I wonder how different the underground railway would be today with the availability of social media and so many forms of communication. But back in the day, when the slaves were trying to escape to Cincinnati and the North for their freedom, escapees and helpers had to rely on more clandestine methods of communication.
This part of our nation’s history was on display at the National Underground Railroad Freedom Center in Cincinnati. The Freedom Center featured examples of how people communicated to assist slaves in going from one point to another. They started fires at certain points along the riverbank when someone arrived. A lantern on a pole was another symbol that the house was safe, as was a row of white bricks in the chimney or a flag in the hand of a statue in the yard. A quilt in a certain window was a sign, and others traveled with a piece of thread to indicate who could be trusted.
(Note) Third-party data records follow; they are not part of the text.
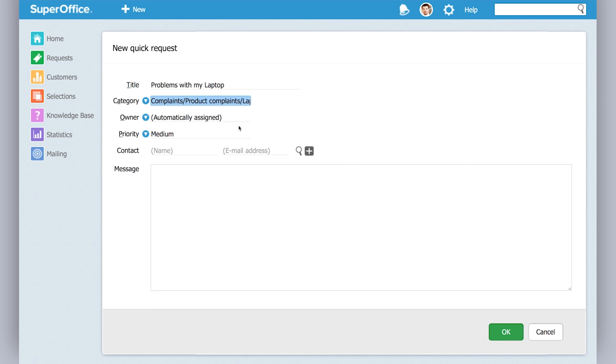If you're unsure about who's the owner of the request, just leave it open. You can select priority if you think it's important or not, and then you need to connect it to a contact.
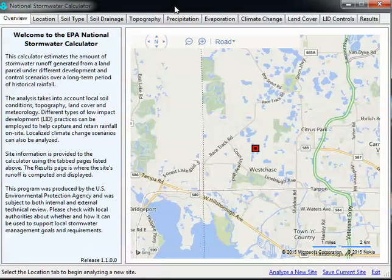This is the EPA SWIM National Stormwater Calculator, which uses a SWIM-5 engine and a really nice database lookup for soils, topography, precipitation, evaporation, and links to the National Weather Service's climate change models.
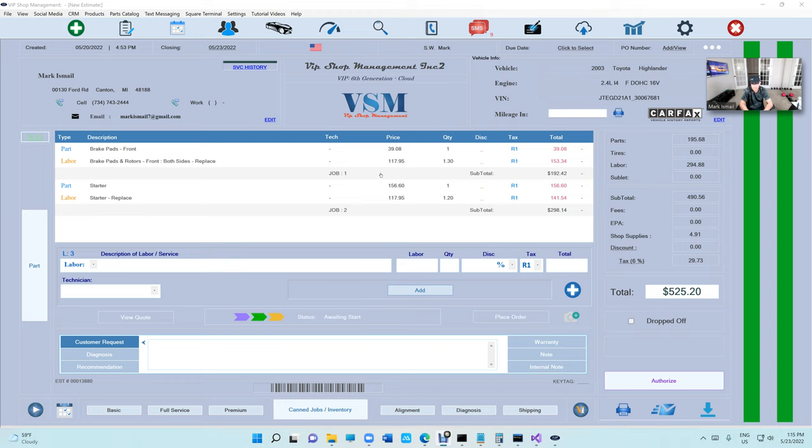For the existing estimates, obviously it doesn't have job one, job two. I'll figure out. We'll make it automated to fix the automated.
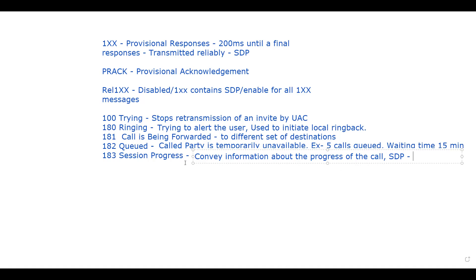That's all about 1xx messages, also called provisional responses or provisional response codes. In the upcoming session I'm going to discuss 2xx and 3xx — successful and redirection responses — in one lecture. I hope you liked this video. Please hit like, share, and subscribe to my channel to get notifications of all upcoming videos. Thank you.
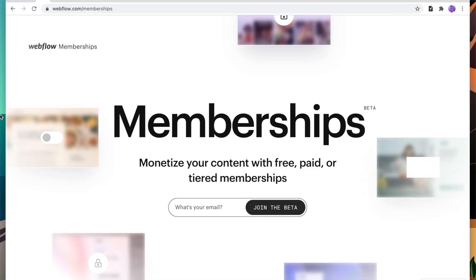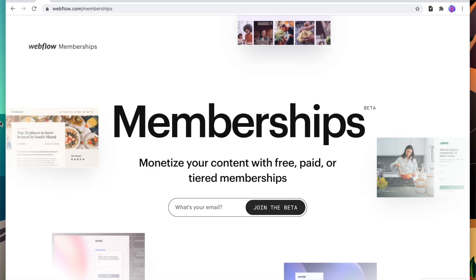A little while ago, Webflow announced that it was working on a full membership system inside of Webflow, and now it's finally in beta.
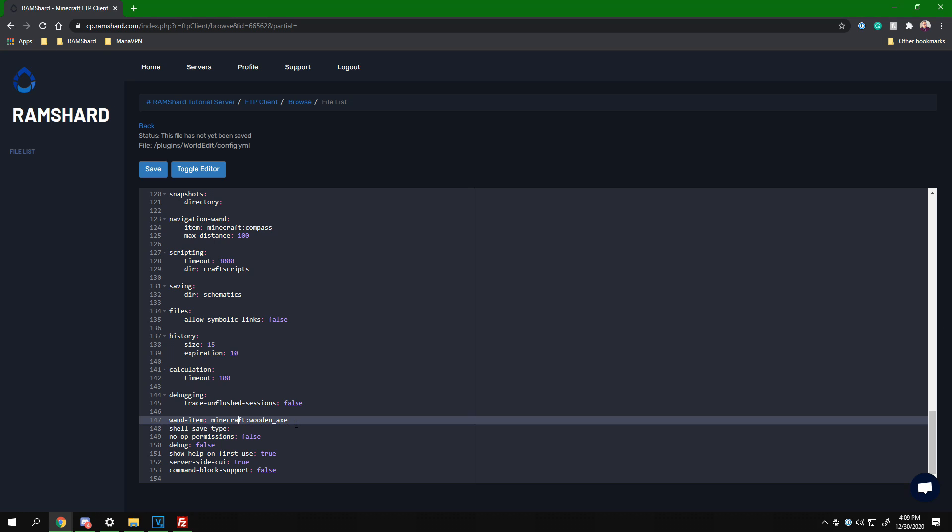Though if you want to set it to a less used item, say a dead bush, just replace the minecraft:wooden_axe with minecraft:dead_bush.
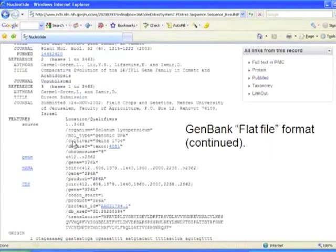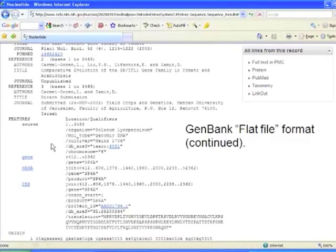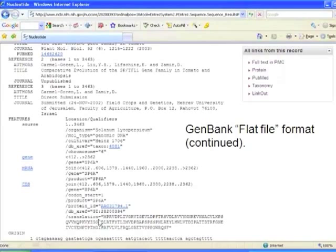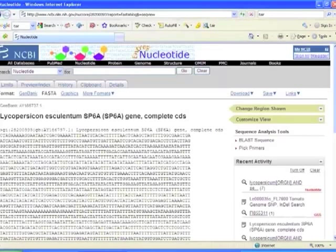If you scroll down you not only see whose work this was and where it was published, but you also see information on the features of the gene. It tells you where the message would be coded within this gene, there's a translation from nucleotide into amino acid, and then the sequence itself. So this is a typical flat file.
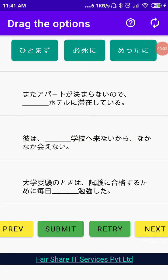Hello from Japanese Classes in Pune and Fair Share IT Services. In the series of apps we have developed so far — like Nihongo Flashcards and Mock Exams — we have come up with another question app for you, which helps you drag the options onto the right question and solve them. It's one more way for you to practice.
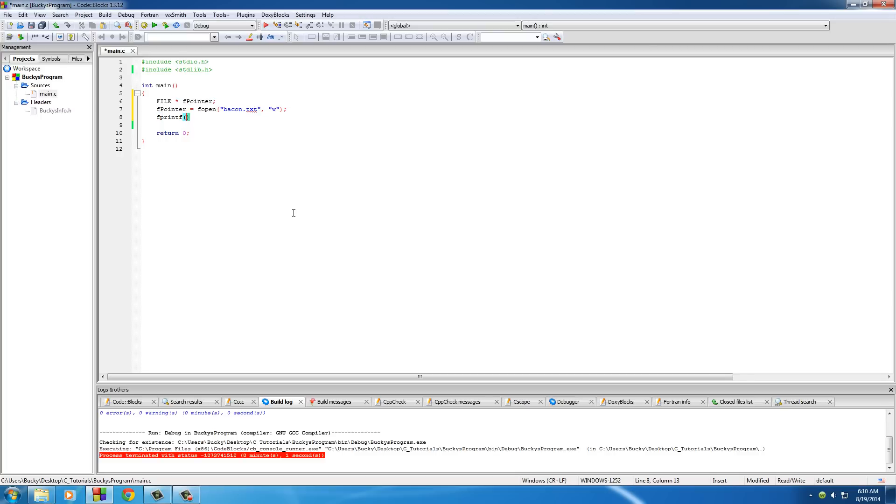This actually takes a couple parameters, and by couple I mean two. It's really easy. The first one is your file pointer, and right now this is just at the beginning of your file.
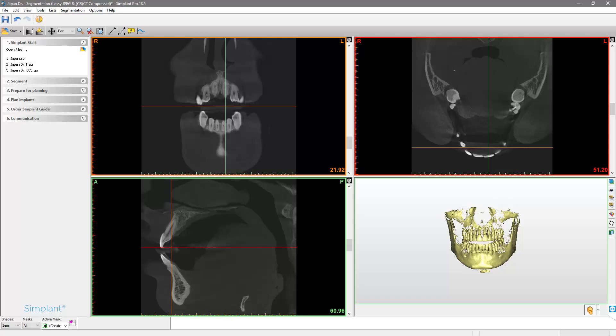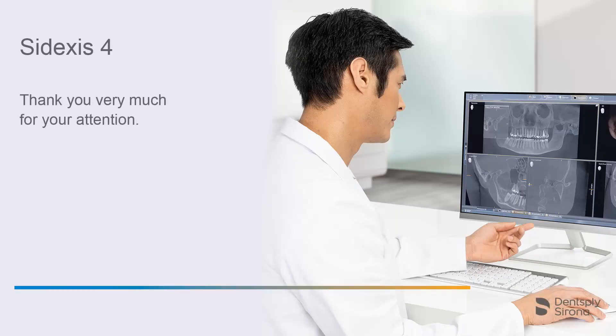After going through this procedure once, the Simplant Pro software will open the X-ray data sent by Sidexis 4 for all upcoming cases automatically. Thank you very much for your attention.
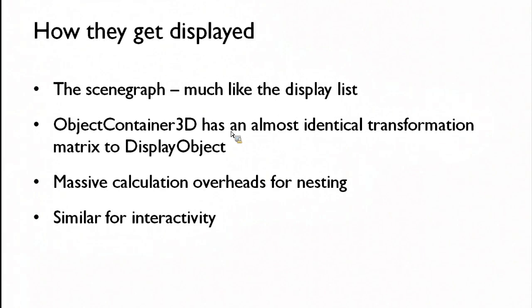So scene graph. The scene graph is just like the display list. We've been through that. There's a few differences.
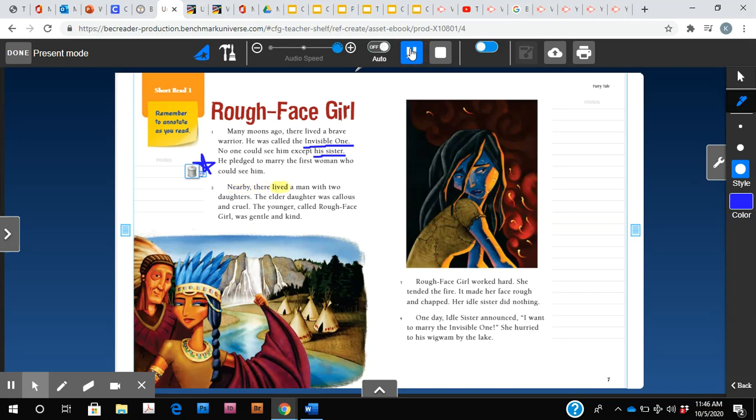Nearby there lived a man with two daughters. The elder daughter was callous and cruel. The younger, called Rough Face Girl, was gentle and kind. Rough Face Girl worked hard. She tended the fire. It made her face rough and chapped. Her idle sister did nothing.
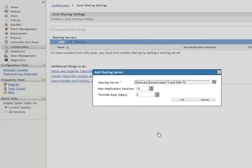John also has the option to define the maximum number of subscription sessions that the sharing server is allowed to handle for replicating content. He can choose any value between 1 and 100. The default value is 10.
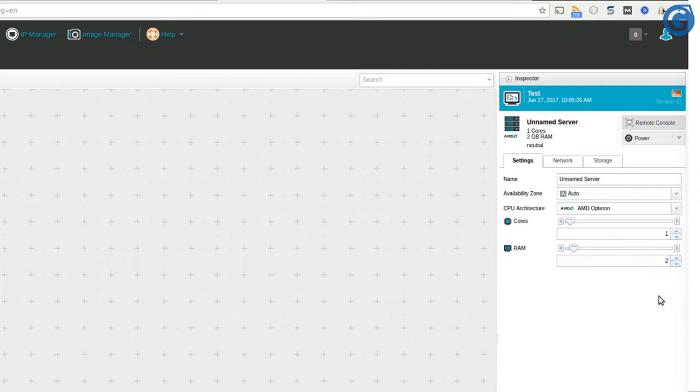In this example, we set them to one core of CPU, two gigabytes of RAM, and the server name usually would be the domain name that you would use to reach out to your server.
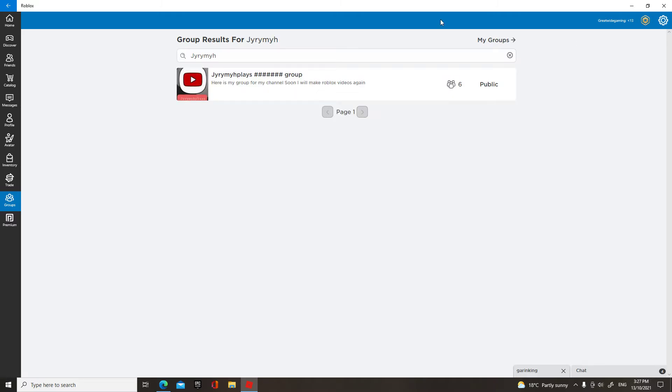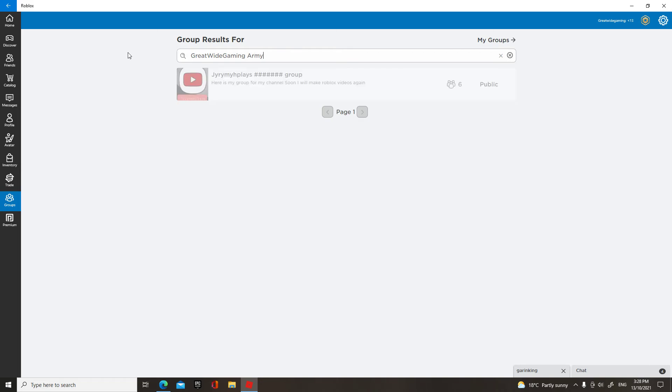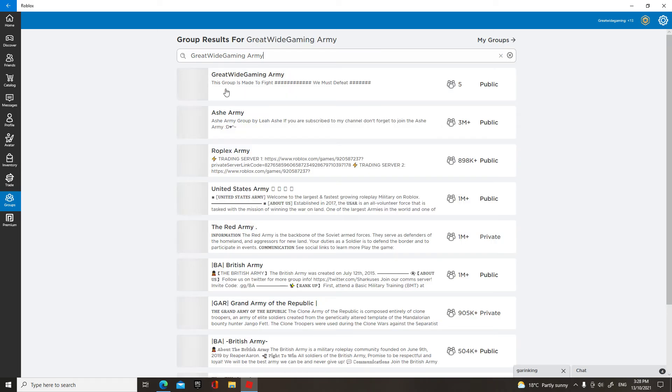So please join, and my group name is Great Wide Gaming Army. Yep, please join this group.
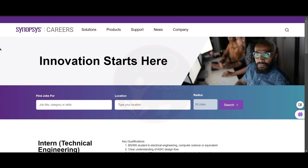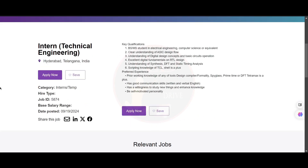Hello everyone, welcome back to our channel. Today, we have a job update from Synopsys and it is an intern in technical engineering. The job location is Hyderabad.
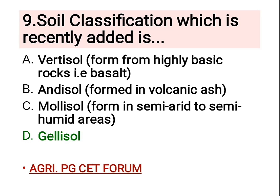Ninth question: the soil classification which was recently added is — and the right answer is D, gelisol. Other options are: vertisol, formed from highly basic rocks called basalt; B, andisol, formed in volcanic ash; and mollisol, formed in semi-arid and semi-humid areas.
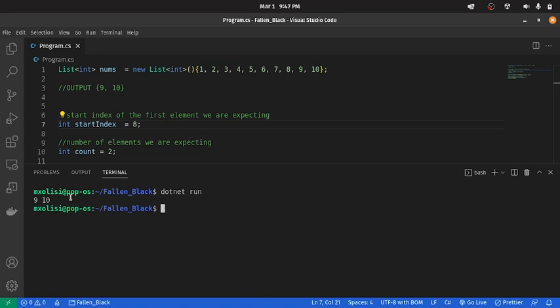As you can see, we get 9 and 10. So that's it — that is how you slice a list. Thank you, and happy coding.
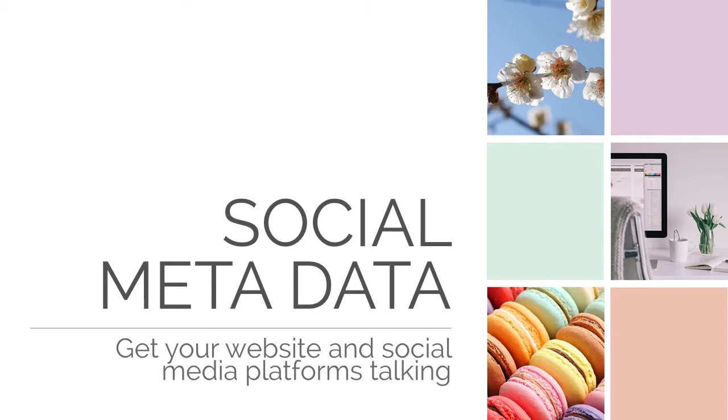I dual class as a website designer and social media marketer, so I wanted to show you one of the most important things you can do on your website to get shares on social media. And that's adding social metadata. There are a lot of ways to add in social metadata, but I'm going to show you the easiest way I know.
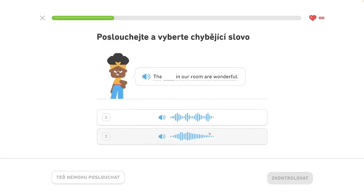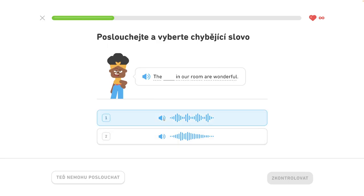The beds in our room are wonderful. The beds in our room are beautiful.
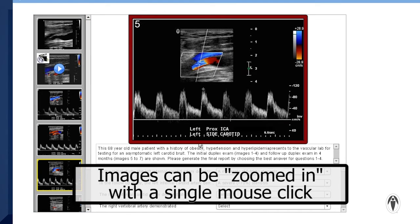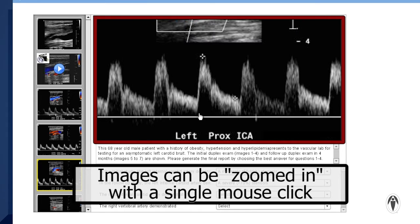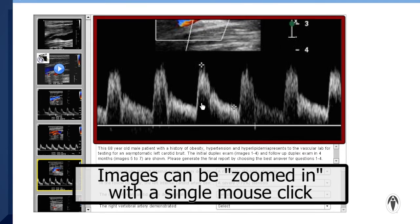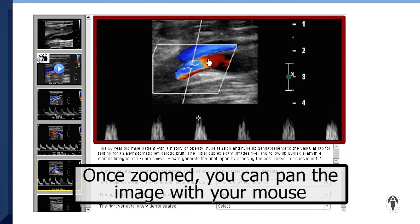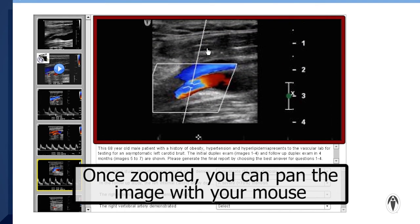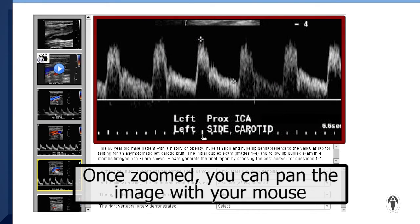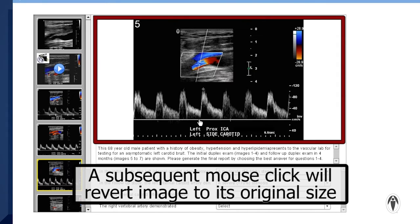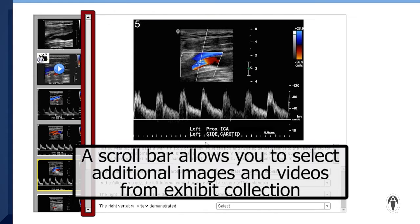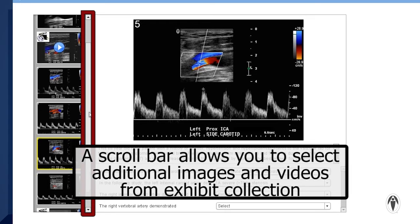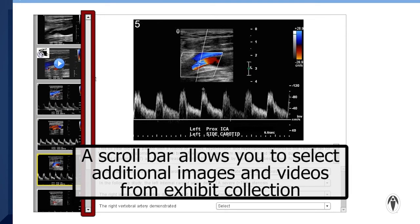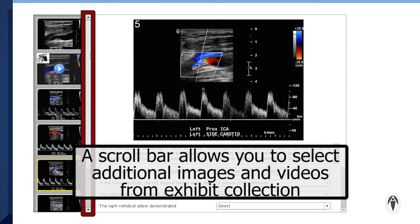Images can be viewed in a zoomed-in version with a single mouse click. Once zoomed, you can pan the image with your mouse. A subsequent mouse click will revert the image to its original size. A scroll bar allows you to select additional images and videos from the exhibit collection.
Members of the Railroad also communicated about potential runaways through coded letters. In this example, “the goods” refers to the slaves, and “two small boxes and two large ones” meant two children and two adults.
I worry that the new Colson Whitehead Underground Railroad book highlighted by Oprah will lead legions of people to believe that the escape route was a literal railway instead of the network that it was. The true Railroad was a tribute to the ingenuity and bravery of a great many people who valued freedom and liberty above their own safety.
Aren’t you lucky that most all of your communication can be straightforward instead of encoded. Pause for a moment today and be grateful for the gift you have of open communication. In this season of election vitriol, the silver lining is that we live in a country where we can freely express opposing views and we don’t need to go underground to do so.